Personal information
- Full name: Alexander Millar
- Birth name: Alexander Urbonis
- Date of birth: 21 October 1911
- Place of birth: Mossend, Scotland
- Date of death: 28 January 1977 (aged 65)
- Place of death: Bellshill, Scotland
- Position: Centre half

Senior career*
- Years: Team / Apps / (Gls)
- –: Mossend Celtic
- 1933–1934: Parkhead
- 1934–1935: Shawfield
- 1935–1938: Celtic / 10 / (0)
- 1938–1946: Preston North End
- 1946–1947: Dundee United / 25 / (0)
- 1947–1949: Morton
- 1949–1950: Stranraer

= Alex Millar (footballer) =

Scottish association football player

Alexander Millar (21 October 1911 – 28 January 1977) was a Scottish footballer who played as a centre half.

==Career==
Born with the surname Urbonis, Millar was a member of North Lanarkshire's Lithuanian immigrant community. After playing with several local Junior teams until the age of 23, he began his senior career with Celtic in 1935, where he was a reserve behind Willie Lyon in the queue for selection; he made five appearances as the club won the 1937–38 Scottish Division One title, but it is doubtful that he would have been presented with a medal. With the situation unchanged going into the following campaign he moved on, joining Preston North End in October 1938. He had little time to become established in English football prior to the outbreak of World War II ten months later, and during the conflict he appeared as a guest player for Scottish clubs including Celtic and Motherwell, featuring for the latter in the 1945 Southern League Cup Final which ended in defeat by Rangers.

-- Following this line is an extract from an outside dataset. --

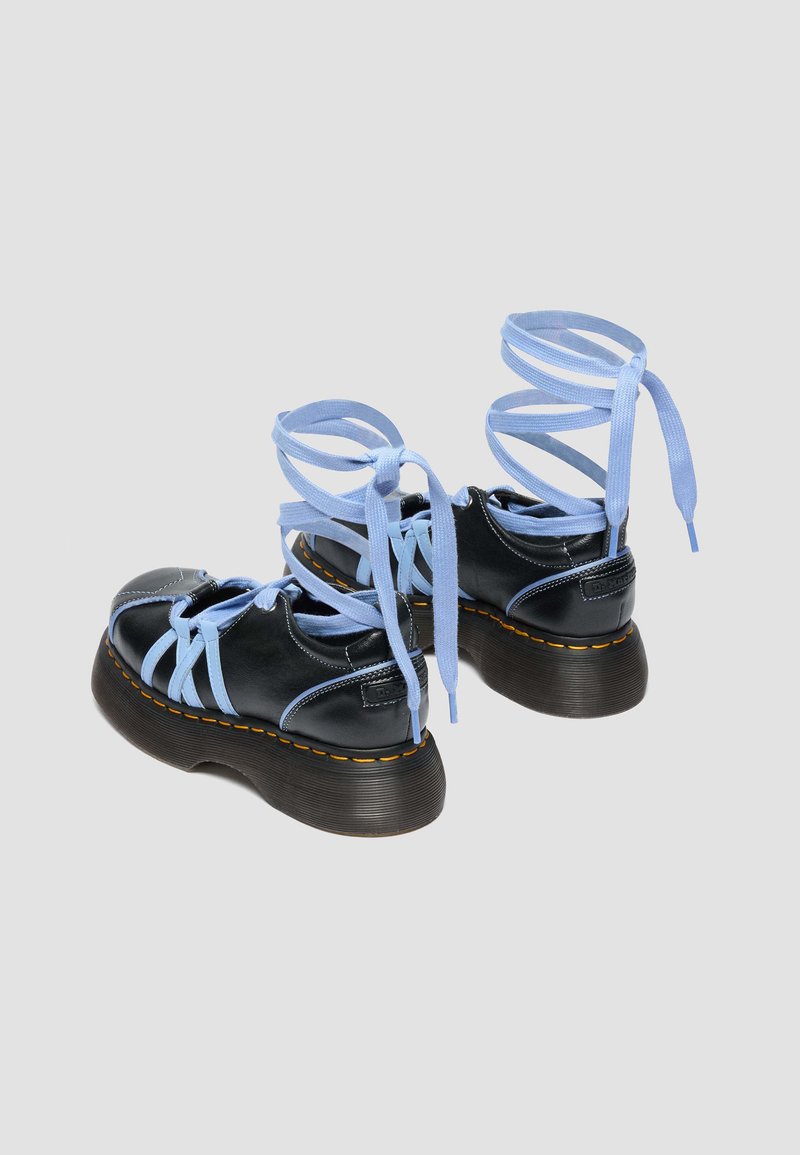 Black platform sandals with thick brown soles, light blue crisscross straps, and wrap-around ankle ties on a gray background.
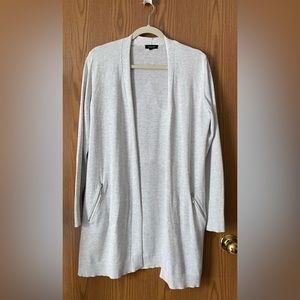 Long sleeve light Heather gray cardigan with zipper pockets.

In 1946 Millar signed for Scottish Division B side Dundee United, transferring back up to the top tier with Morton in late 1947 and playing for them in the 1948 Scottish Cup Final – again losing out to Rangers, this time after extra time in a replay; his performance in both matches against his internationalist opponents Billy Williamson and Willie Thornton, at the age of 36, was singled out for particular praise in press reports. After Morton were relegated in the 1948–49 season, he moved on to Stranraer for a short spell prior to retiring.

Millar also served as chairman of the Scottish Football Players Union in the post-war period. He was the first of several Scots of Lithuanian descent to play for Celtic between the 1930s and 1960s, all of them defenders, the most famous being Billy McNeill.